# Assigned task
Pick out each line of the records that includes the string "ตอนท", and copy it.
↓↓↓
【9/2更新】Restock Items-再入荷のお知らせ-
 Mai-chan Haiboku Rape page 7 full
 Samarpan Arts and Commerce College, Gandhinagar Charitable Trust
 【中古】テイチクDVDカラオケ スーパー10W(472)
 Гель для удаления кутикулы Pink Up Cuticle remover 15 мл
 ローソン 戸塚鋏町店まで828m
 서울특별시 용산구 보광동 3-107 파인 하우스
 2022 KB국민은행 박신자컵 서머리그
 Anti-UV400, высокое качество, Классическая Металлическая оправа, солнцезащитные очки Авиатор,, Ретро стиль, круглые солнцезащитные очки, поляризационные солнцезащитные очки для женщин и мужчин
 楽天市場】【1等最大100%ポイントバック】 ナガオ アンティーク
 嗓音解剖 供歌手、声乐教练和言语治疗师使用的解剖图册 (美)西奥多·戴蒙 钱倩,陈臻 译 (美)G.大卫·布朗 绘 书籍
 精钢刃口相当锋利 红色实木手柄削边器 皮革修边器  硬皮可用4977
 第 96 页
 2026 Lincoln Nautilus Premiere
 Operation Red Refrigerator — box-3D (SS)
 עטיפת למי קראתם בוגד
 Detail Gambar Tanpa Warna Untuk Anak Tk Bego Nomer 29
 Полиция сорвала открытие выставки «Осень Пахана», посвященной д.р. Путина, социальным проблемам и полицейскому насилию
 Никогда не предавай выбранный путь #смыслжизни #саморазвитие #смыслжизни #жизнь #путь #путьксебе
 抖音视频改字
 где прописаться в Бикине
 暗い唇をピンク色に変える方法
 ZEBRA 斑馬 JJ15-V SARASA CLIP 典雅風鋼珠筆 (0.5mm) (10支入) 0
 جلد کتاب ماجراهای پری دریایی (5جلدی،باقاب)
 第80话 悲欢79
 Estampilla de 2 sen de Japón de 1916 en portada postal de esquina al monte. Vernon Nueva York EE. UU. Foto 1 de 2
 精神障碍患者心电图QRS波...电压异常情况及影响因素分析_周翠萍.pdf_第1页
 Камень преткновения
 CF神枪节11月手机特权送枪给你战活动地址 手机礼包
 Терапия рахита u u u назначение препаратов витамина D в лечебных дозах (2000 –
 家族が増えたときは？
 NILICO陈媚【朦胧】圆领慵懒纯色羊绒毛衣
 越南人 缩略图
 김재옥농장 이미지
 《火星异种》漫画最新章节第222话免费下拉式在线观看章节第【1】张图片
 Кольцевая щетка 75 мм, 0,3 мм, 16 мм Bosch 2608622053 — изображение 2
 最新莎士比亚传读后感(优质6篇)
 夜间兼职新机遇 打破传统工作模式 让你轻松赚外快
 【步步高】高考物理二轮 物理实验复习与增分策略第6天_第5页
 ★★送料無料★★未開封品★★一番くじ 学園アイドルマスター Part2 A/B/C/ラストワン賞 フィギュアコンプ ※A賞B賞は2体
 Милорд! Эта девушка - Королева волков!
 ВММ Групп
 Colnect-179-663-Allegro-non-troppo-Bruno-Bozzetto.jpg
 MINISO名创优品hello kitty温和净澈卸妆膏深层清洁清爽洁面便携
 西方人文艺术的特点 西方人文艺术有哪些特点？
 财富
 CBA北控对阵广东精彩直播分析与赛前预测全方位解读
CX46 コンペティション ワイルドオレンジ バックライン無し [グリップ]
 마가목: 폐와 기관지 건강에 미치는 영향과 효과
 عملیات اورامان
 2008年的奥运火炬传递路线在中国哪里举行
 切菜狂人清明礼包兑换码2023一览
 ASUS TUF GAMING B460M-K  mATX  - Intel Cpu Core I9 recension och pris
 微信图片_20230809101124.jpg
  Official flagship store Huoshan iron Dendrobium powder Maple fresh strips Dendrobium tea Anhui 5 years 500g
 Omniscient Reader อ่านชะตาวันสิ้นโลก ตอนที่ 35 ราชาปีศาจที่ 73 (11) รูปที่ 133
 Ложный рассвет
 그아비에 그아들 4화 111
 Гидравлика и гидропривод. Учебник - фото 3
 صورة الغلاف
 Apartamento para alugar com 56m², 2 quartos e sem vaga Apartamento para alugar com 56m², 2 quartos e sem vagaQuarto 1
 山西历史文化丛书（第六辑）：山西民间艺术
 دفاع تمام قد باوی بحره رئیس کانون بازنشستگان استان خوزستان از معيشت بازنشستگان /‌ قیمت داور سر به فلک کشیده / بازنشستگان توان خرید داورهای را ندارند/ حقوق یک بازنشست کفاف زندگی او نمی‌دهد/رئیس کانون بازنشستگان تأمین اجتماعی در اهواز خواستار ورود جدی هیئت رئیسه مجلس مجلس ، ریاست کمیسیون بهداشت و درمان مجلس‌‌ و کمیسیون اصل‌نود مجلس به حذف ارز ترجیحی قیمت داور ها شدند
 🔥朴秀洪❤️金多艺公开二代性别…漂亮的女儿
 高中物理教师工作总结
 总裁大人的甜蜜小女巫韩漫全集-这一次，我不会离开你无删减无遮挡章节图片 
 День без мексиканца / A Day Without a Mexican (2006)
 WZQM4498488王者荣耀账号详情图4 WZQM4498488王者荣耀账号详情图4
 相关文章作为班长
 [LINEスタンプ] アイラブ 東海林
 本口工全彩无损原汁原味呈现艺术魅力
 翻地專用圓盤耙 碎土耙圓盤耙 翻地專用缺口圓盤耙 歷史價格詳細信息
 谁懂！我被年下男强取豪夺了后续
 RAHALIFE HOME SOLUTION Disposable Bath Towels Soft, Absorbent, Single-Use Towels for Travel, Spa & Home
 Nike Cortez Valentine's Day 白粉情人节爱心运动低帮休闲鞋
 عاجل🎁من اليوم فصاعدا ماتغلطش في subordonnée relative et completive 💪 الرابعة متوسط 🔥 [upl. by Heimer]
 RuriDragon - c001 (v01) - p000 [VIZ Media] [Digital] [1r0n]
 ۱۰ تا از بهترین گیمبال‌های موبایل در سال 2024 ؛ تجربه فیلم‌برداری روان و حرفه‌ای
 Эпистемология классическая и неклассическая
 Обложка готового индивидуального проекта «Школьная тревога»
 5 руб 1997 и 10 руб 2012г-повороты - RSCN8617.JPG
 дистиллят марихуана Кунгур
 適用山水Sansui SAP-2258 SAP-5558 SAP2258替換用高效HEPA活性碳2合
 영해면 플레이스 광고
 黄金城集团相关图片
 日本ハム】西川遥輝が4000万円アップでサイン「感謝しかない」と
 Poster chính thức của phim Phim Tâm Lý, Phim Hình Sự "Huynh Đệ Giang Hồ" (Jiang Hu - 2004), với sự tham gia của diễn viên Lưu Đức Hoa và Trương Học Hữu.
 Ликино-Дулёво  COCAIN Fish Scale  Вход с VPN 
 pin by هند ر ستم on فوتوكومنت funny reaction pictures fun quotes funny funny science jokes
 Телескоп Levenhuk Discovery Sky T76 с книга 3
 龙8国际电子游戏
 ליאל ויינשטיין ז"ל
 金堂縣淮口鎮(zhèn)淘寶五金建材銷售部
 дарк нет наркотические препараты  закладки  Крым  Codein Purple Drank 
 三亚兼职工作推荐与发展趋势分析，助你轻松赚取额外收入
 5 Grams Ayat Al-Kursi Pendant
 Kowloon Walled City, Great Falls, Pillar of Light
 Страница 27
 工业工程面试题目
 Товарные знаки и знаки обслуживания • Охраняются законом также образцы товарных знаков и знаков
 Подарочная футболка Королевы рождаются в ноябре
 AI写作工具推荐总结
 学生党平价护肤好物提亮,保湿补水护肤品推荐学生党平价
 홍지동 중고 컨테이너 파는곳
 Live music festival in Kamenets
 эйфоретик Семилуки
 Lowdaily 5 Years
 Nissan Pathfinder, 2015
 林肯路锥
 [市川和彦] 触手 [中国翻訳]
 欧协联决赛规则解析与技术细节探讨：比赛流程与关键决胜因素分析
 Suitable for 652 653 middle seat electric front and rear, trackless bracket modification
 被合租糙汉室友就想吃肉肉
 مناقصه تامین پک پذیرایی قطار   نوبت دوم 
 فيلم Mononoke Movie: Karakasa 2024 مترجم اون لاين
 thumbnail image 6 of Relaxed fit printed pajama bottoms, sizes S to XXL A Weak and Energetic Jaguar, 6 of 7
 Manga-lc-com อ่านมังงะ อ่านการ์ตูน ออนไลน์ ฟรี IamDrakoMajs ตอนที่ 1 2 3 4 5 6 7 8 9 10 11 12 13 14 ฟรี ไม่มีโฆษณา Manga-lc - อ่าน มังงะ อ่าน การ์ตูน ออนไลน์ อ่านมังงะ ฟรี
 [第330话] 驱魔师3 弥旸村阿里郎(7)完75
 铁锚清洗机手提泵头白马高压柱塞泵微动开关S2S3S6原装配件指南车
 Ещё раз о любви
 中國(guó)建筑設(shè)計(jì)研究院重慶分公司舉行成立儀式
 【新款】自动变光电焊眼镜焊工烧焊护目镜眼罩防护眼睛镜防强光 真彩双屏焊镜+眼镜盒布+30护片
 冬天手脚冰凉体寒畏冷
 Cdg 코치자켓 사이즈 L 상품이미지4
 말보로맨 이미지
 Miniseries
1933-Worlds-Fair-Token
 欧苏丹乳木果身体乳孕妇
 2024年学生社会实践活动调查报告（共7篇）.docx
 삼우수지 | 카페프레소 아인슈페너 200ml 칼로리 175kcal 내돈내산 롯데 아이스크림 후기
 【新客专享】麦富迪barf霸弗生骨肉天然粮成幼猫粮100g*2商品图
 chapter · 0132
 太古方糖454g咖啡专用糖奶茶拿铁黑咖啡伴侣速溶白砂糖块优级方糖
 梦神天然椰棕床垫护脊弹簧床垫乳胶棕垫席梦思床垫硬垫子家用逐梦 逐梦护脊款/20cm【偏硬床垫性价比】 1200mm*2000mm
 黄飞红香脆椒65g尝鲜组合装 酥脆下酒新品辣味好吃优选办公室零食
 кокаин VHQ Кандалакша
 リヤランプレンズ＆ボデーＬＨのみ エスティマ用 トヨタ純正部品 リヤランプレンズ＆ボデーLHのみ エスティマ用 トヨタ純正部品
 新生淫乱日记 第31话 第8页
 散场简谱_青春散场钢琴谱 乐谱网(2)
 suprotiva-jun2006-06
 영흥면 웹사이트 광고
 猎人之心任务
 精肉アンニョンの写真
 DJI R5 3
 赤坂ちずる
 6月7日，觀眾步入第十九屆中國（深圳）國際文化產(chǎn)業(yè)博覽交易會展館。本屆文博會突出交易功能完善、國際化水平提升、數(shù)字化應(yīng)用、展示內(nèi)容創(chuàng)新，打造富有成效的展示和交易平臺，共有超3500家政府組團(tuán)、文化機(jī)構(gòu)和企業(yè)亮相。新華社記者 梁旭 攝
↑↑↑
# Response to this exercise
 Omniscient Reader อ่านชะตาวันสิ้นโลก ตอนที่ 35 ราชาปีศาจที่ 73 (11) รูปที่ 133
 Manga-lc-com อ่านมังงะ อ่านการ์ตูน ออนไลน์ ฟรี IamDrakoMajs ตอนที่ 1 2 3 4 5 6 7 8 9 10 11 12 13 14 ฟรี ไม่มีโฆษณา Manga-lc - อ่าน มังงะ อ่าน การ์ตูน ออนไลน์ อ่านมังงะ ฟรี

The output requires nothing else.